Install the latest WasmEdge with plugins:
For macOS (apple silicon)
# install WasmEdge-0.13.4 with wasi-nn-ggml plugin
curl -sSf https://raw.githubusercontent.com/WasmEdge/WasmEdge/master/utils/install.sh | bash -s -- --plugin wasi_nn-ggml
# Assuming you use zsh (the default shell on macOS), run the following command to activate the environment
source $HOME/.zshenv
For Ubuntu (>= 20.04)
# install libopenblas-dev
apt update && apt install -y libopenblas-dev
# install WasmEdge-0.13.4 with wasi-nn-ggml plugin
curl -sSf https://raw.githubusercontent.com/WasmEdge/WasmEdge/master/utils/install.sh | bash -s -- --plugin wasi_nn-ggml
# Assuming you use bash (the default shell on Ubuntu), run the following command to activate the environment
source $HOME/.bashrc
For General Linux
# install WasmEdge-0.13.4 with wasi-nn-ggml plugin
curl -sSf https://raw.githubusercontent.com/WasmEdge/WasmEdge/master/utils/install.sh | bash -s -- --plugin wasi_nn-ggml
# Assuming you use bash (the default shell on Ubuntu), run the following command to activate the environment
source $HOME/.bashrc
Download the llama-chat.wasm
:
curl -LO https://github.com/second-state/llama-utils/raw/main/chat/llama-chat.wasm
Click here to see the download link and commands to run the model.
Execute the WASM with the wasmedge
using the named model feature to preload large model.

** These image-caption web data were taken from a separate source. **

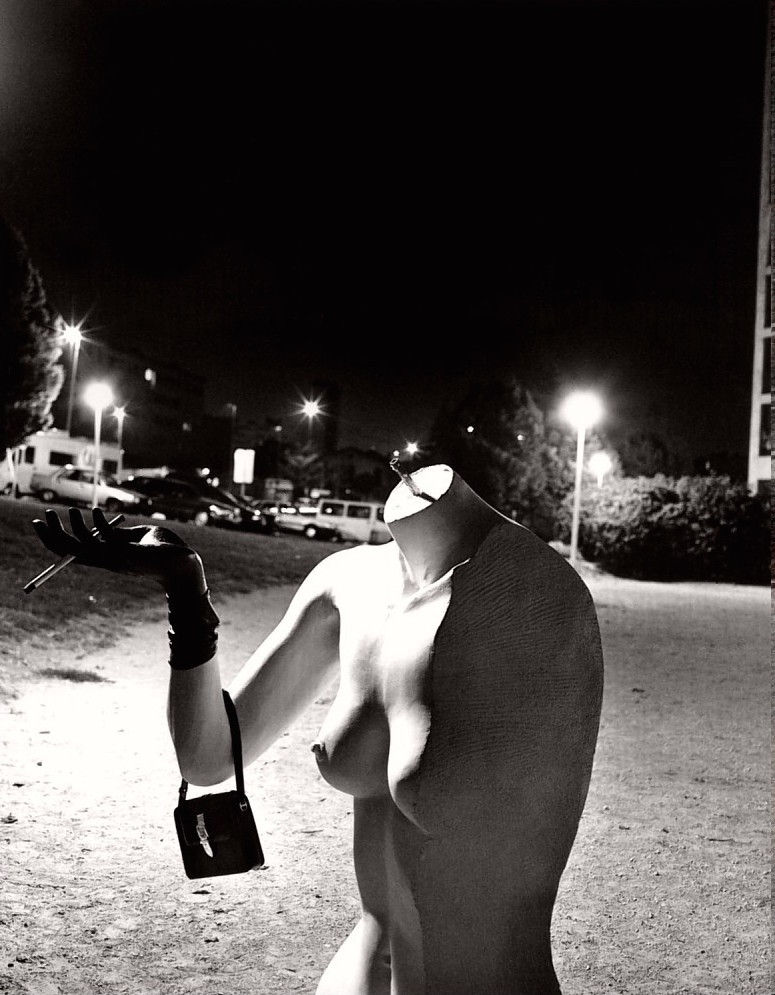 helmutnewtonphoto:1998 Calender Fashion Designer Jean-Claude Jitrois, Sculpture by
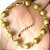 Pulseira No Bruto Pronto Para Banho Com Bolas 8mm Tamanho Aproximado: 19,0cm Extensor: 6,0cm Peso: 6,5 gramas REF: BRU991A - Imagem 2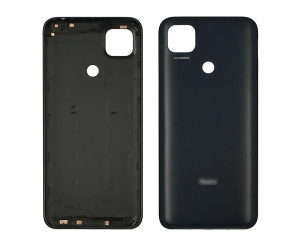 Задняя крышка Xiaomi Redmi 9C gray (без стекла камеры)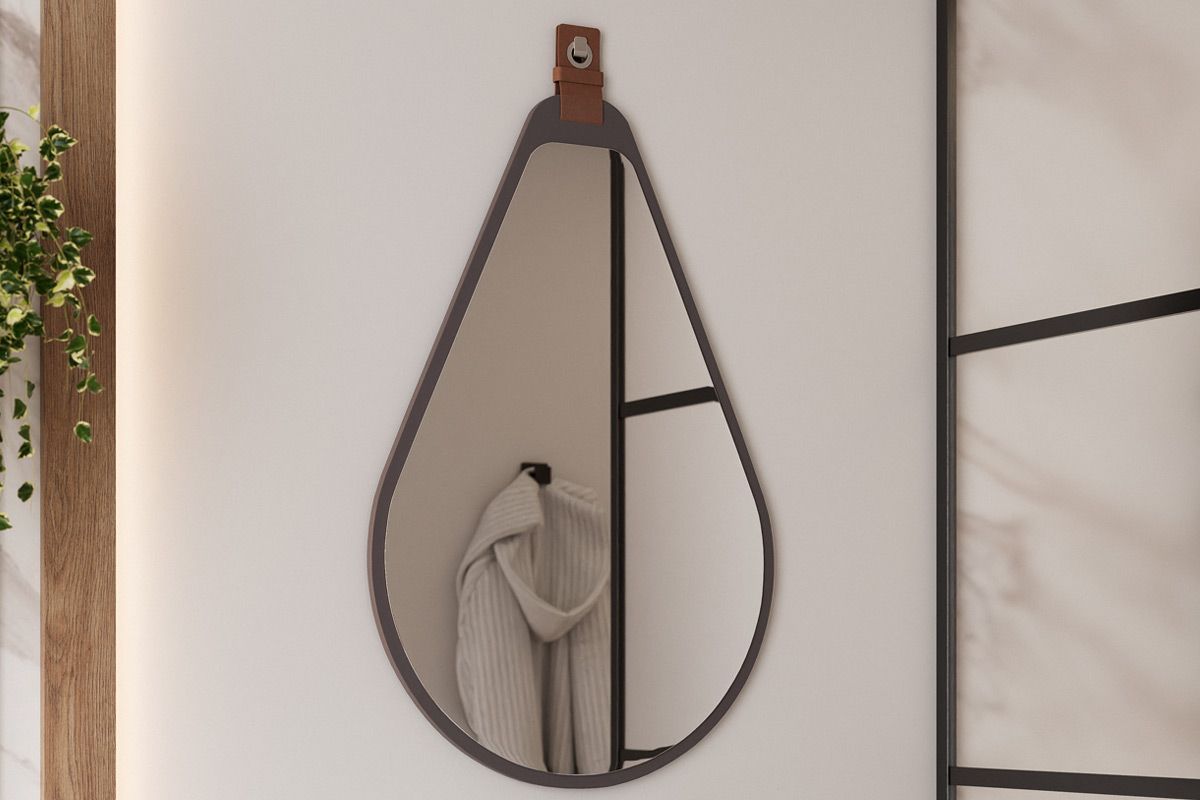 Espelheira Banheiro Gota 50X76cm MGMTitanium Espelheira Banheiro Gota 50X76cm MGMTitanium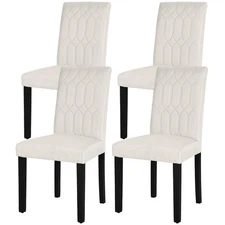 Upholstered Dining Chairs Set of 4, Modern Accent Parsons with Comfort Seat, ...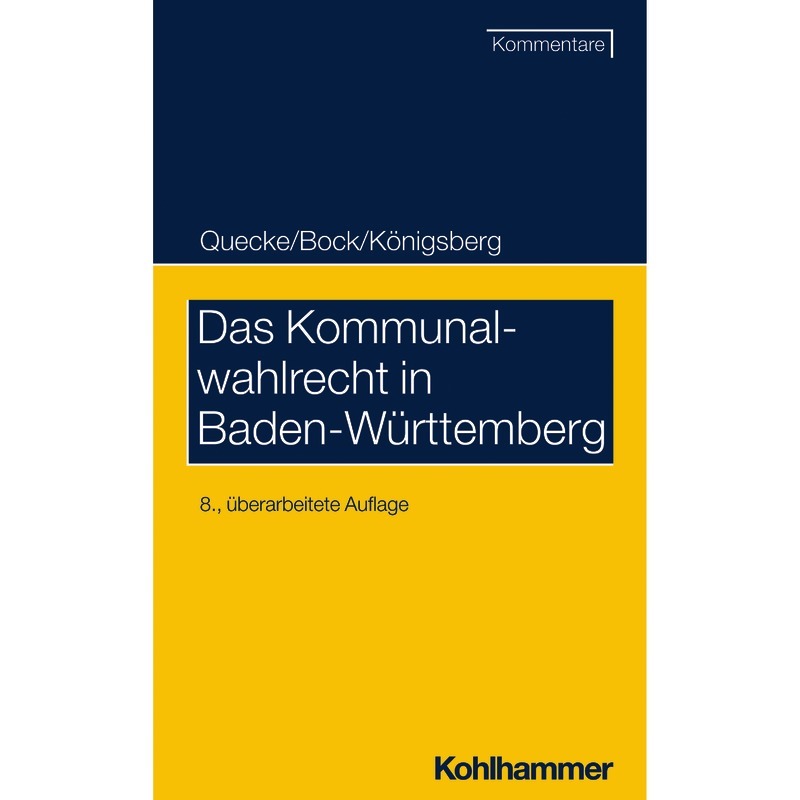 Das Kommunalwahlrecht in Baden-Württemberg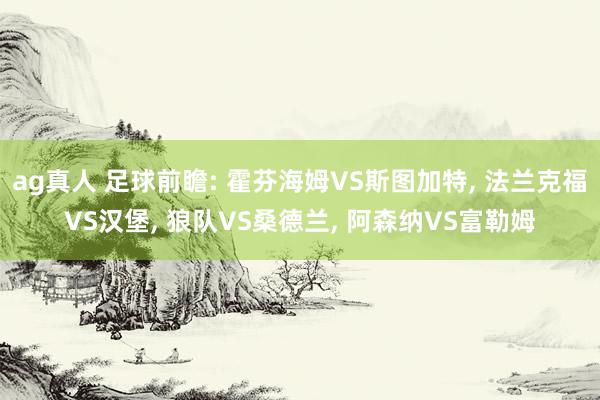 ag真人 足球前瞻: 霍芬海姆VS斯图加特， 法兰克福VS汉堡， 狼队VS桑德兰， 阿森纳VS富勒姆
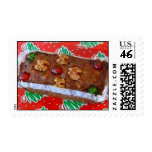Traditional Holiday Fruitcake Stamps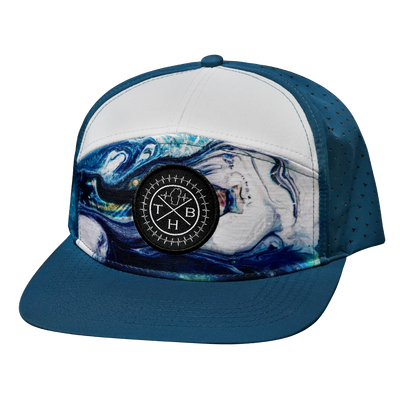 THB - 7 Panel - Fun Shui / Teal - Laser Mesh (Unisex)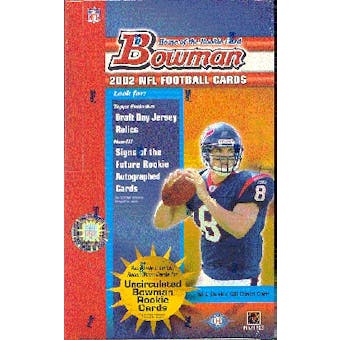 2002 Bowman Football Hobby Box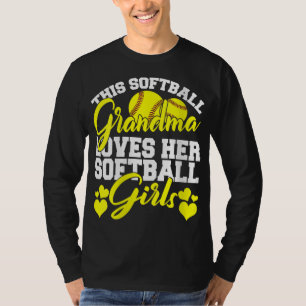 Diese Softball-Oma Liebe ihre Softball-Girls-Sof T-Shirt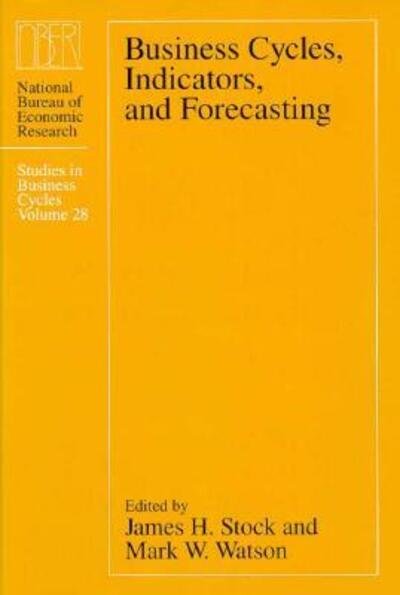 Cover for James H. Stock · Business Cycles, Indicators, and Forecasting - (NBER) National Bureau of Economic Research Business Cycles (Innbunden bok) [2nd edition] (1993)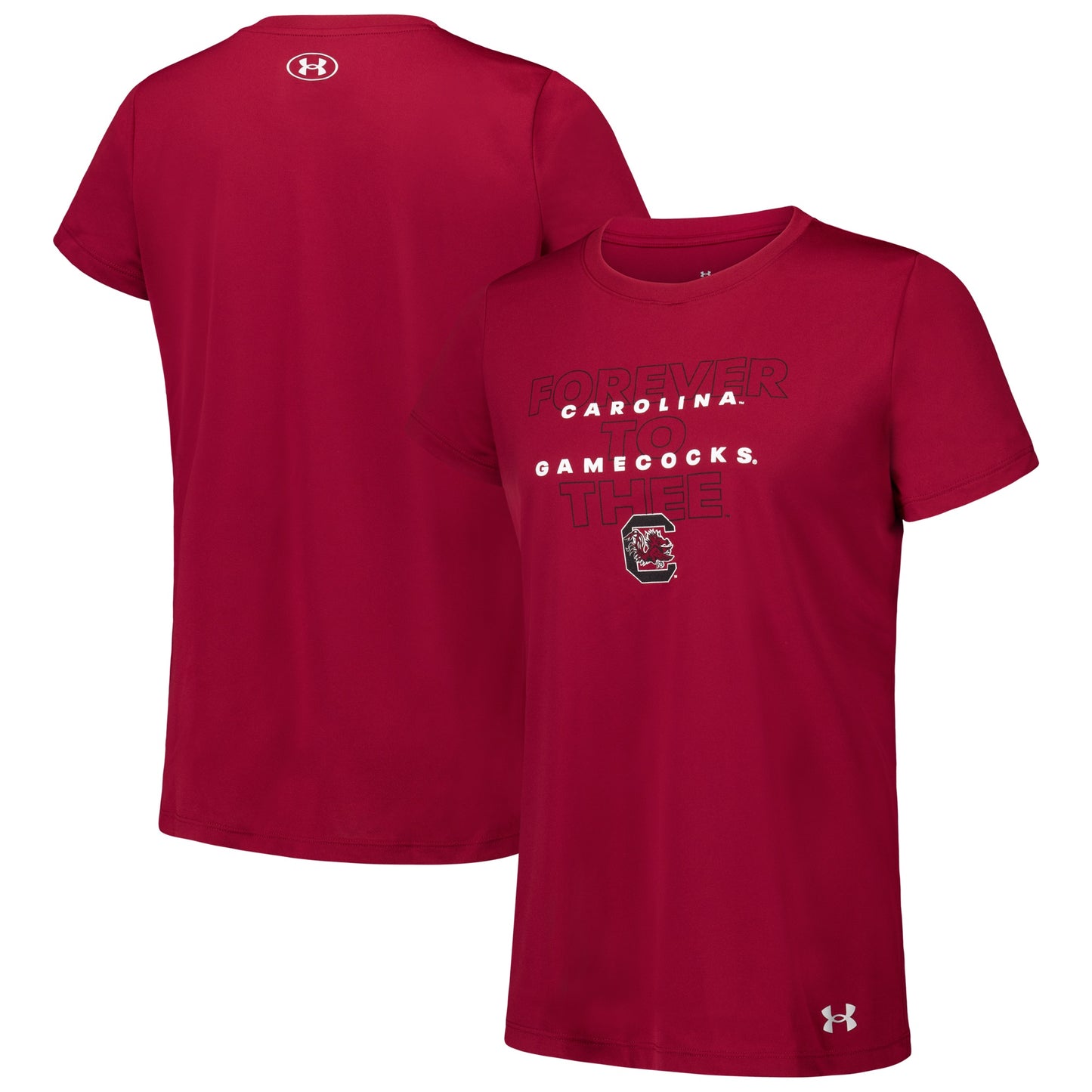 Women's Under Armour Garnet South Carolina Gamecocks Performance T-Shirt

Here we use the Llama-2-7B-Chat
model as an example:
# download model
curl -LO https://huggingface.co/second-state/Llama-2-7B-Chat-GGUF/resolve/main/llama-2-7b-chat.Q5_K_M.gguf
# run the `llama-chat` wasm app with the model
wasmedge --dir .:. --nn-preload default:GGML:AUTO:llama-2-7b-chat.Q5_K_M.gguf \
llama-chat.wasm --prompt-template llama-2-chat
After executing the command, you may need to wait a moment for the input prompt to appear.
You can enter your question once you see the [USER]:
prompt:
[USER]:
What's the capital of France?
[ASSISTANT]:
The capital of France is Paris.
[USER]:
what about Norway?
[ASSISTANT]:
The capital of Norway is Oslo.
[USER]:
I have two apples, each costing 5 dollars. What is the total cost of these apples?
[ASSISTANT]:
The total cost of the two apples is 10 dollars.
[USER]:
What if I have 3 apples?
[ASSISTANT]:
If you have 3 apples, each costing 5 dollars, the total cost of the apples is 15 dollars.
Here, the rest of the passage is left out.